Du und Alex Staropoli habt euch nun darauf geeinigt, beide als RHAPSODY weiterzumachen. Gibt es eine Chance, dass ihr irgendwann einmal zusammen auf Tour geht?

Luca Turilli: Nein, aber es ist unglaublich, von wie vielen Leuten ich das gefragt werde. Aber nein, das wird nicht passieren. Am Ende hat zwischen uns einfach der Spaß-Faktor gefehlt, die positive Energie. Es war einfach nicht mehr das Gleiche wie am Anfang. Wir haben uns einfach auseinandergelebt und haben schon lange über einen Split nachgedacht. Wir sind nach wie vor Freunde, und wir wollen nach wie vor über alles Reden - aber nicht über das jeweilige RHAPSODY des anderen. Vielleicht können wir in zehn oder mehr Jahren darüber sprechen.

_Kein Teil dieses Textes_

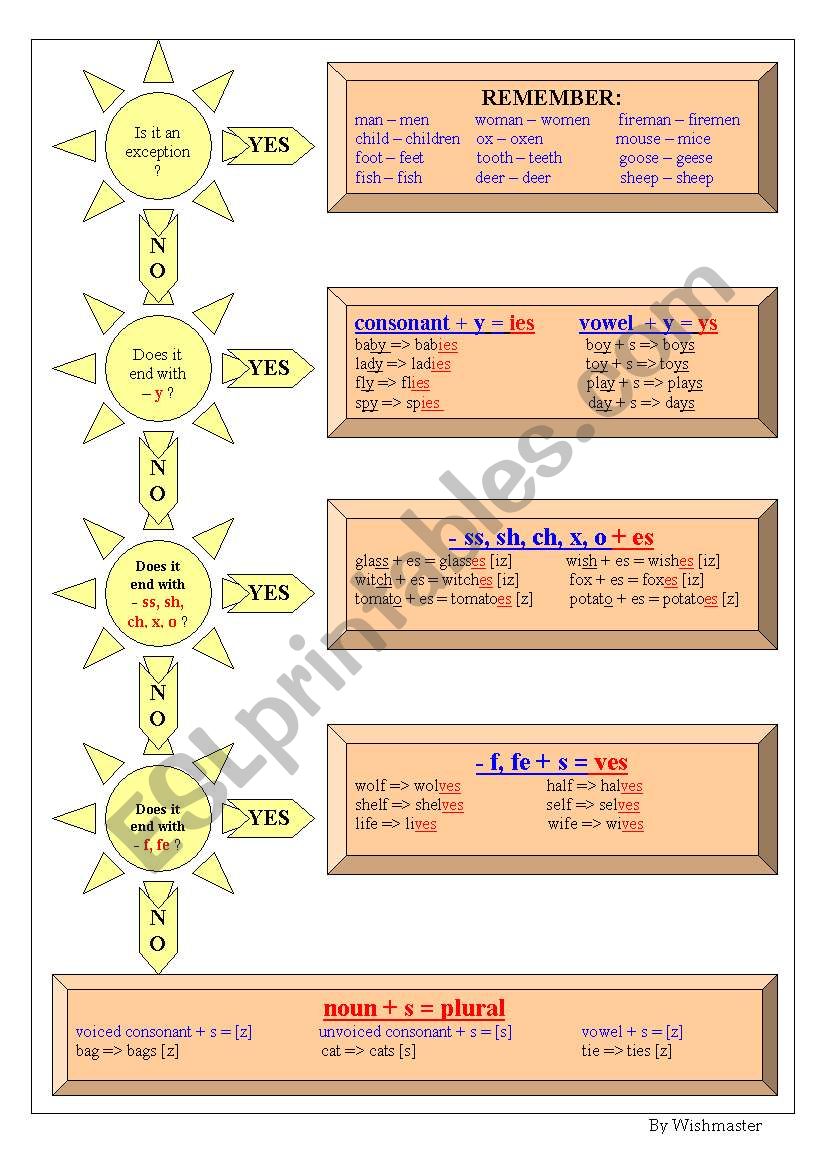 Plural form formation worksheet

Beim Albumpreview, das man sich online anhören konnte, war auch ein Coversong der Band HELLOWEEN dabei, 'March Of Time'. Aber auf der Promo ist das Lied nicht dabei. Wurde es wieder von der Tracklist entfernt oder woran lag das?

Luca Turilli: Das lag nur daran, dass man, sollte das Album durch Lecks vorab ins Internet geraten, was Gott sei Dank dann doch nicht passierte, die Raubkopierer etwas weniger Befriedigung haben. Ich bin übrigens sehr glücklich darüber, dass das erste Mal in der Geschichte RHAPSODYs das Album nicht vorab im Internet zu finden war, was wahrscheinlich am Einsatz von Wasserzeichen liegt. Mich freut das sehr, weil es einfach unbefriedigend ist, wenn man bis zur Erschöpfung arbeitet und nachher das Ergebnis kostenlos runterzuladen ist.

Bei RHAPSODY OF FIRE war ja alles an die Saga gebunden, bei "Ascending To Infinity" scheinen die Lieder ja relativ eigentständig zu sein. Wird sich LUCA TURILLI'S RHAPSODY irgendwann wieder zu einem bestimmten Thema bewegen, oder wird das nicht passieren?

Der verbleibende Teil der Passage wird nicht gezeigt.